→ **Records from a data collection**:

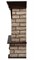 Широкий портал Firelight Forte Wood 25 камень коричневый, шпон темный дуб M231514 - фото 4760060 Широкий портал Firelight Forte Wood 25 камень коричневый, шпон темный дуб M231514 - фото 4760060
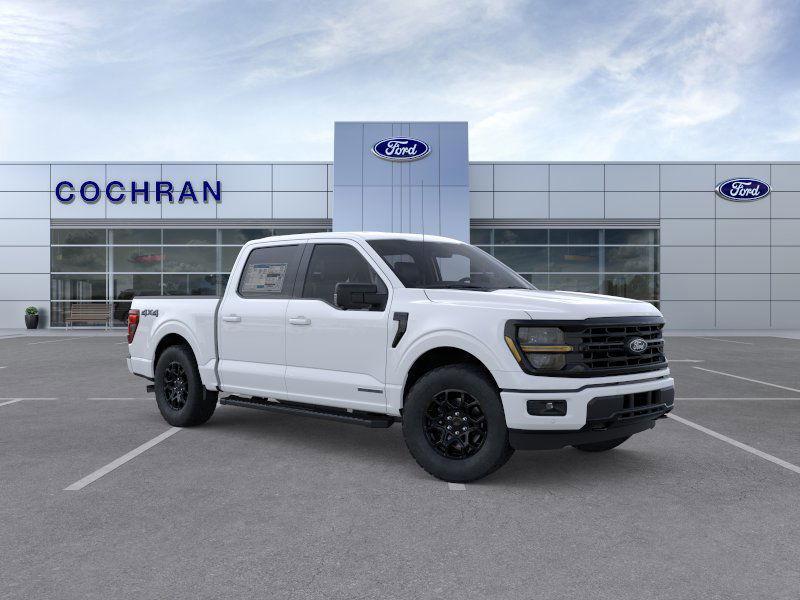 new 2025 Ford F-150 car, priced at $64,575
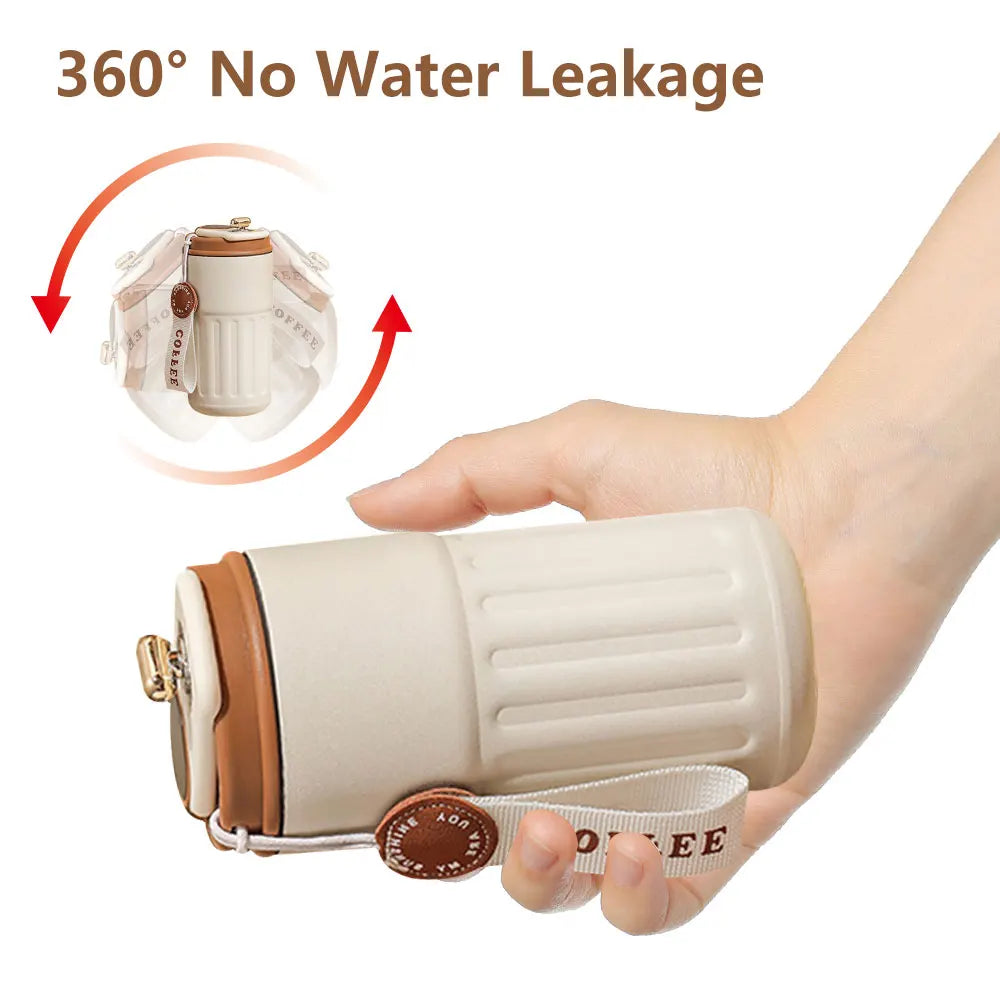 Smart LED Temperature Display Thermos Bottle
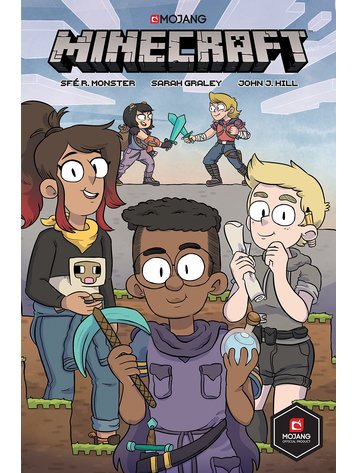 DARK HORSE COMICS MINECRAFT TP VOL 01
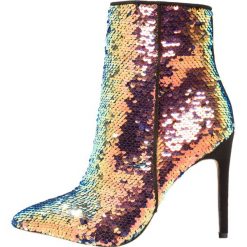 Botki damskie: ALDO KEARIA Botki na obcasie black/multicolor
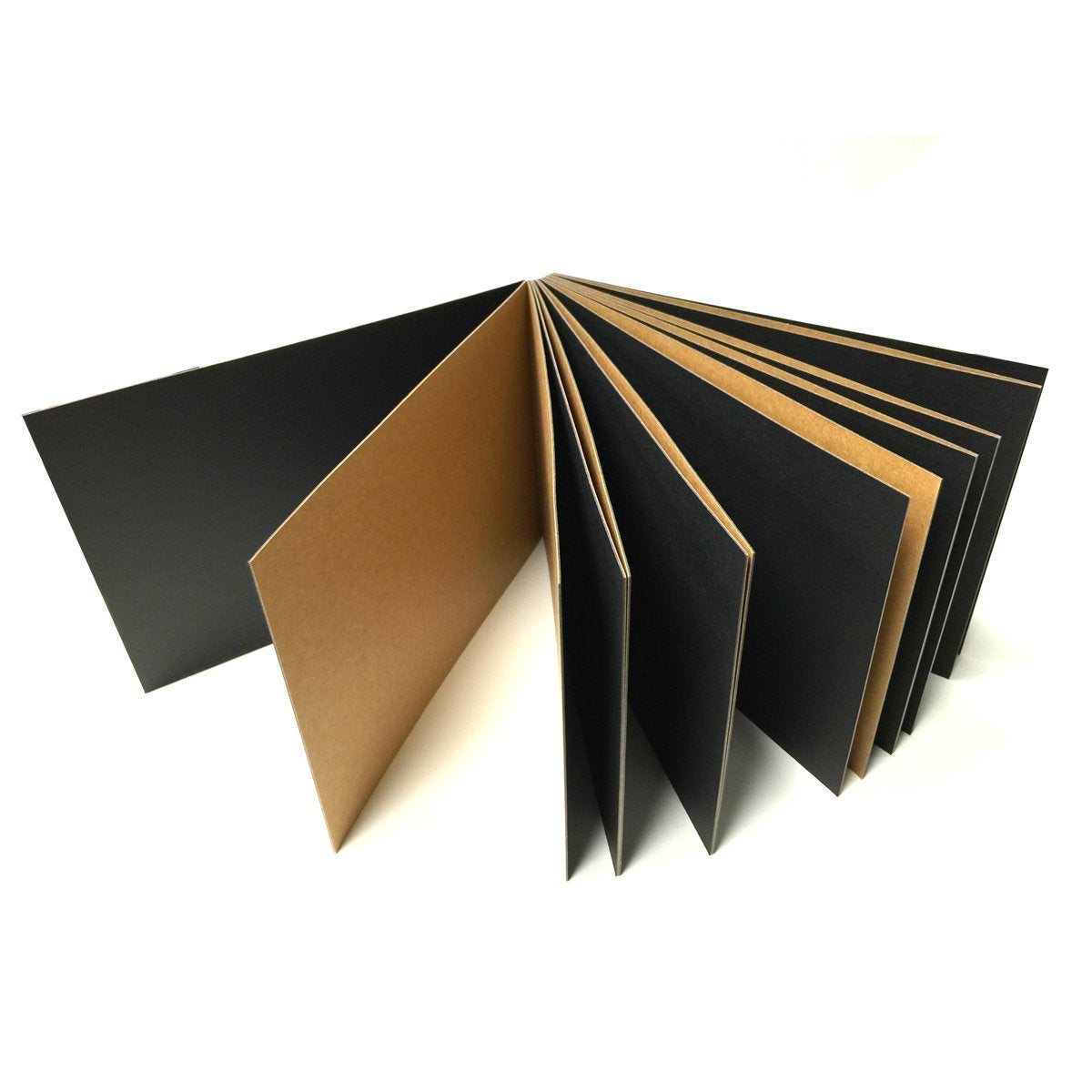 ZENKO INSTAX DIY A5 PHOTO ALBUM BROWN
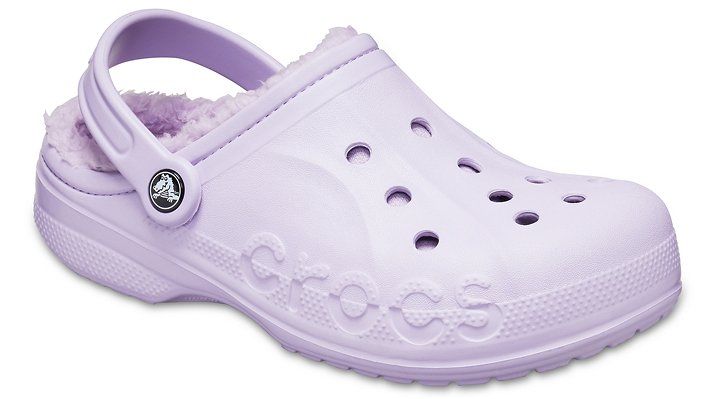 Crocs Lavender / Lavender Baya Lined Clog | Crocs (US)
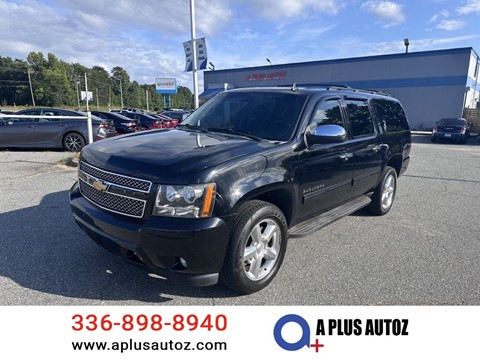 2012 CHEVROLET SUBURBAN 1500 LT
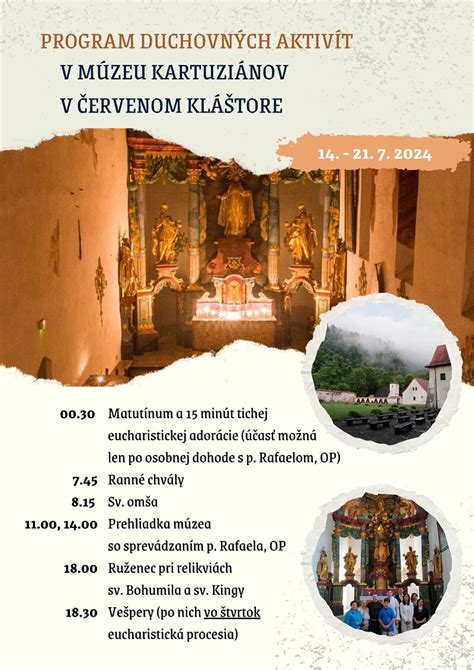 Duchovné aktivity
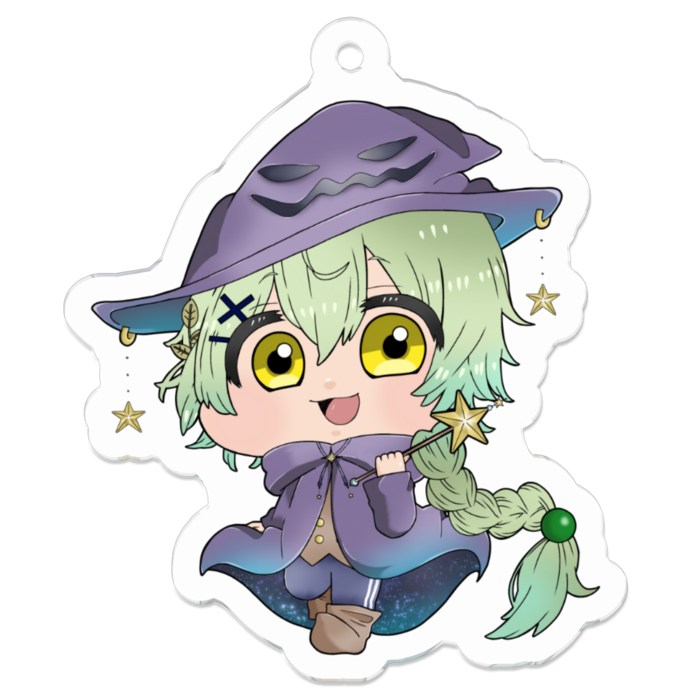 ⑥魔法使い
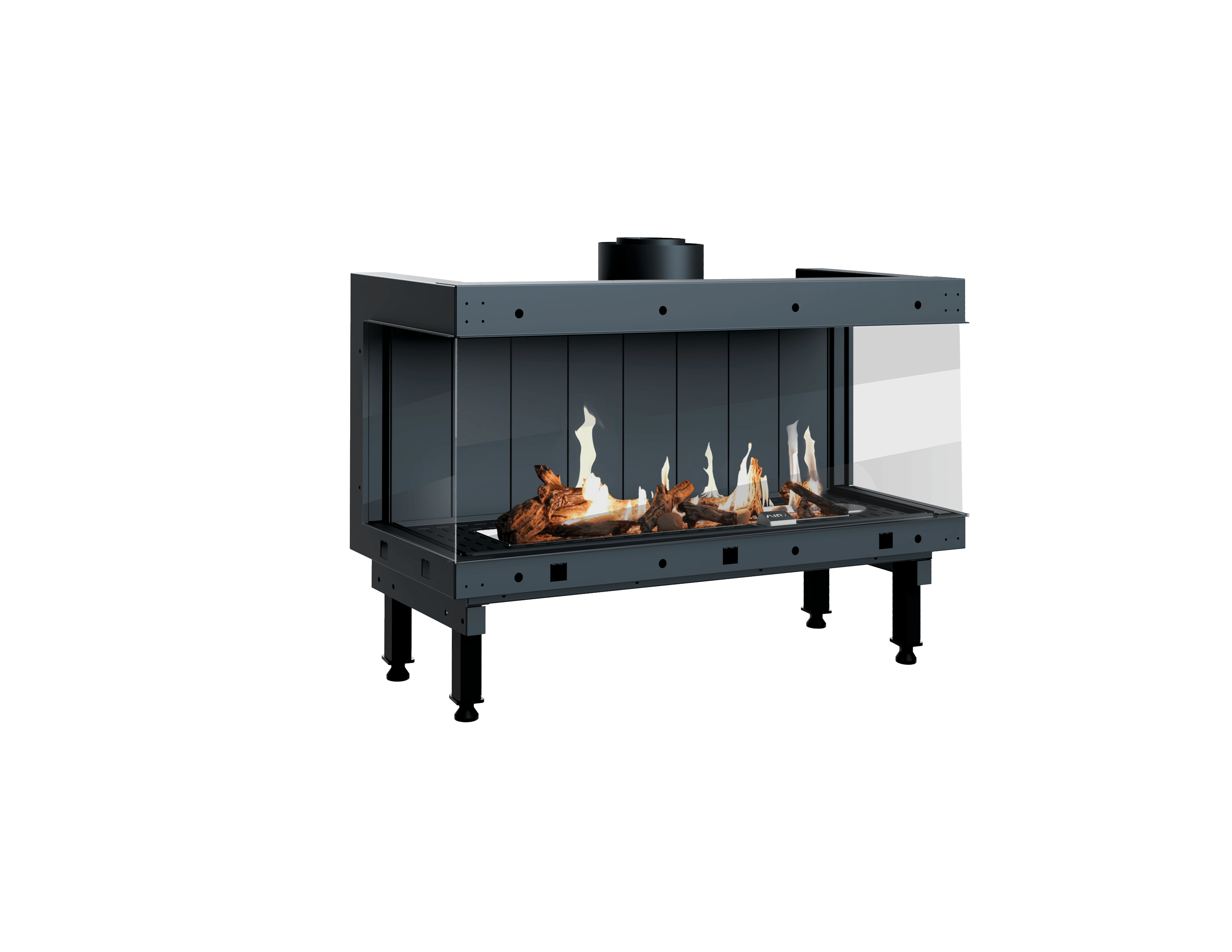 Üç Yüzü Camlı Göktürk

→ **TASK DETAILS**: Exclude all images and restate the records above word for word.

→ **WRITTEN ANSWER**:
 Широкий портал Firelight Forte Wood 25 камень коричневый, шпон темный дуб M231514 - фото 4760060 Широкий портал Firelight Forte Wood 25 камень коричневый, шпон темный дуб M231514 - фото 4760060
 new 2025 Ford F-150 car, priced at $64,575
 Smart LED Temperature Display Thermos Bottle
 DARK HORSE COMICS MINECRAFT TP VOL 01
 Botki damskie: ALDO KEARIA Botki na obcasie black/multicolor
 ZENKO INSTAX DIY A5 PHOTO ALBUM BROWN
 Crocs Lavender / Lavender Baya Lined Clog | Crocs (US)
 2012 CHEVROLET SUBURBAN 1500 LT
 Duchovné aktivity
 ⑥魔法使い
 Üç Yüzü Camlı Göktürk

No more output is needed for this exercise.